Compositors#
Any constructors that have not completed the proof-writing and vetting process may still be accessed if you opt-in to “contrib”. Please contact us if you are interested in proof-writing. Thank you!
>>> import opendp.prelude as dp
>>> dp.enable_features("contrib")
Define a few queries you might want to run up-front:
>>> # define the dataset space and how distances are measured
>>> input_space = dp.vector_domain(dp.atom_domain(T=int)), dp.symmetric_distance()
>>> count_meas = input_space >> dp.t.then_count() >> dp.m.then_laplace(scale=1.0)
>>> sum_meas = (
... input_space
... >> dp.t.then_clamp((0, 10))
... >> dp.t.then_sum()
... >> dp.m.then_laplace(scale=5.0)
... )
Notice that both of these measurements share the same input domain, input metric, and output measure:
>>> print("count:", count_meas)
count: Measurement(
input_domain = VectorDomain(AtomDomain(T=i32)),
input_metric = SymmetricDistance(),
output_measure = MaxDivergence)
>>> print("sum:", sum_meas)
sum: Measurement(
input_domain = VectorDomain(AtomDomain(T=i32)),
input_metric = SymmetricDistance(),
output_measure = MaxDivergence)
This is important, because compositors require these three supporting elements to match for all queries.
Basic Composition#
The basic composition compositor is non-interactive: it takes a collection of queries to execute on the dataset all-at-once. When the data is passed in, all queries are evaluated together, in a single batch.
>>> mean_fraction_meas = dp.c.make_basic_composition([sum_meas, count_meas])
>>> int_dataset = [1, 2, 3, 4, 5, 6, 7, 8, 9, 10]
>>> dp_sum, dp_count = mean_fraction_meas(int_dataset)

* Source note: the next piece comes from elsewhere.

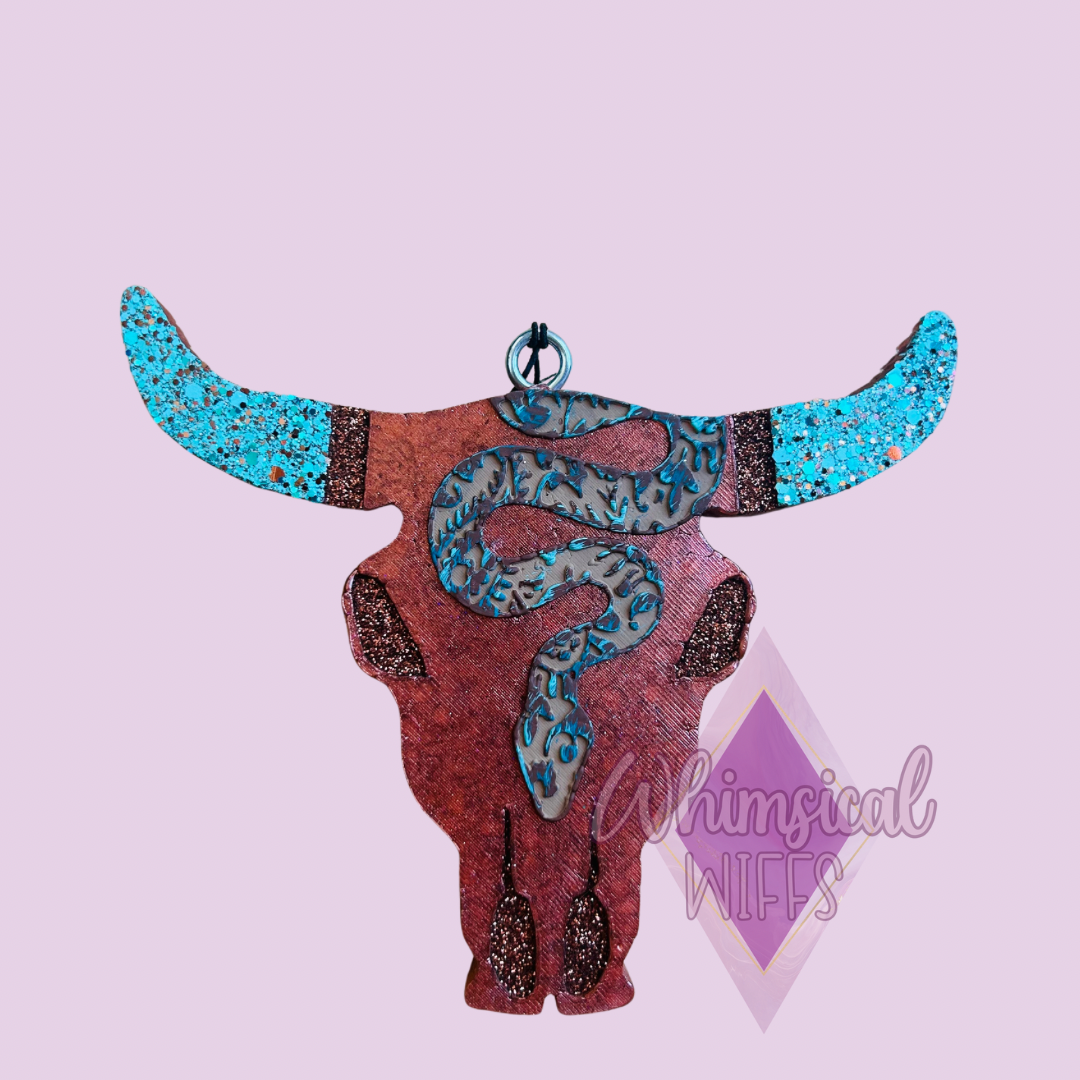 Paisley Snake Bull Skull Freshie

>>> print("dp sum:", dp_sum)
dp sum: ...
>>> print("dp count:", dp_count)
dp count: ...
The privacy map simply sums the constituent output distances.

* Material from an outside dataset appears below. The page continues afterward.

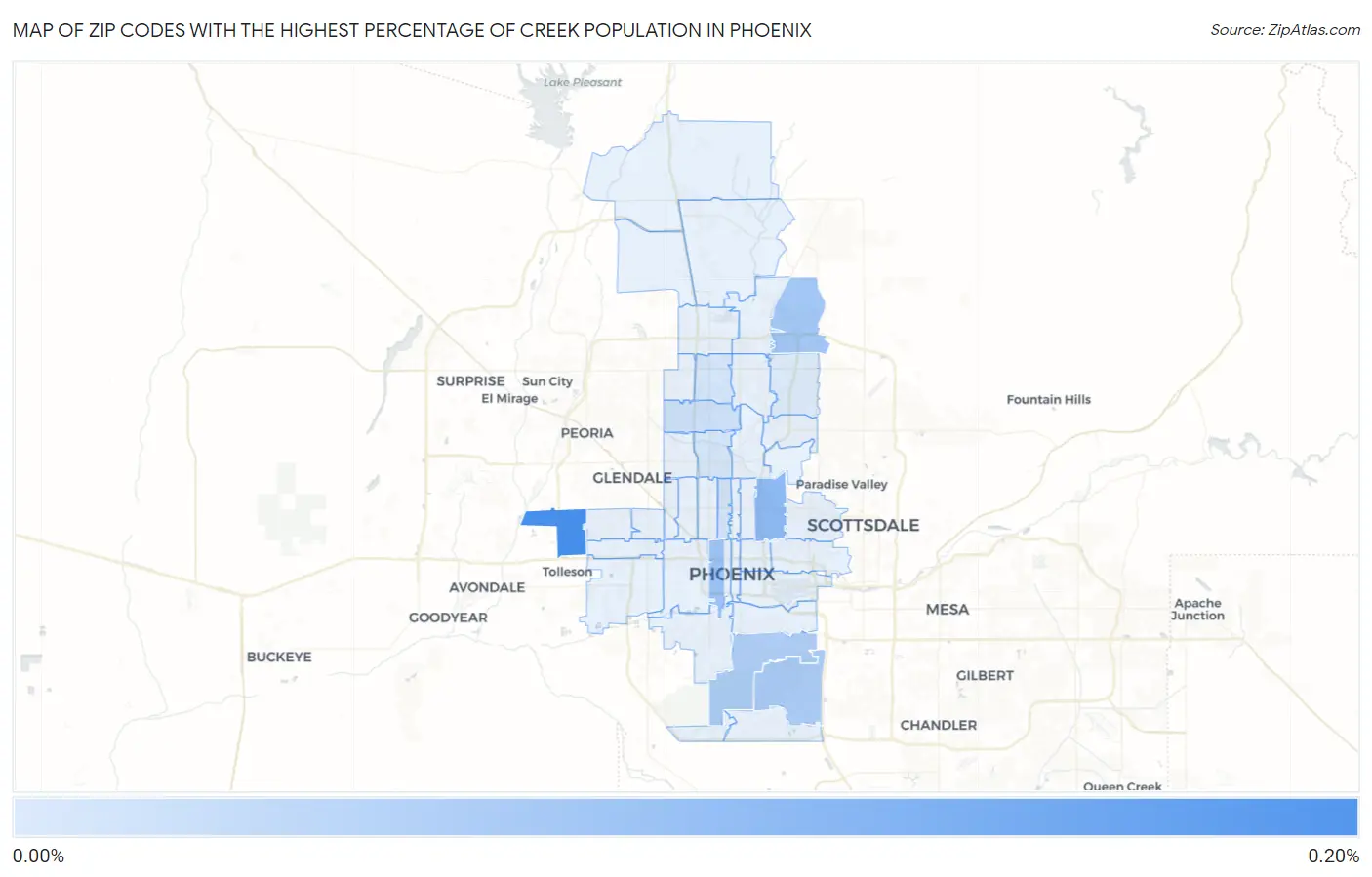 Zip Codes with the Highest Percentage of Creek Population in Phoenix Map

>>> mean_fraction_meas.map(1)
3.0
Sequential Composition#
Sequential composition relaxes the basic compositor, allowing for
queries to be submitted interactively. That is, you can make submit a
query, view the output, and then submit another query that uses the
information gained from the prior release. However, this API still
requires sequentiality
, which we’ll discuss in more detail later.
The API for interactive compositors is more verbose than in the
non-interactive case because you must explicitly pass the input domain,
input metric, and output measure, as well as an upper bound on input
distances (d_in
), and the privacy consumption allowed for each query
(d_mids
).
>>> sc_meas = dp.c.make_sequential_composition(
... input_domain=dp.vector_domain(dp.atom_domain(T=int)),
... input_metric=dp.symmetric_distance(),
... output_measure=dp.max_divergence(),
... d_in=1,
... d_mids=[2., 1.]
... )
Given this information, we know the privacy consumption of the entire composition:
>>> sc_meas.map(1)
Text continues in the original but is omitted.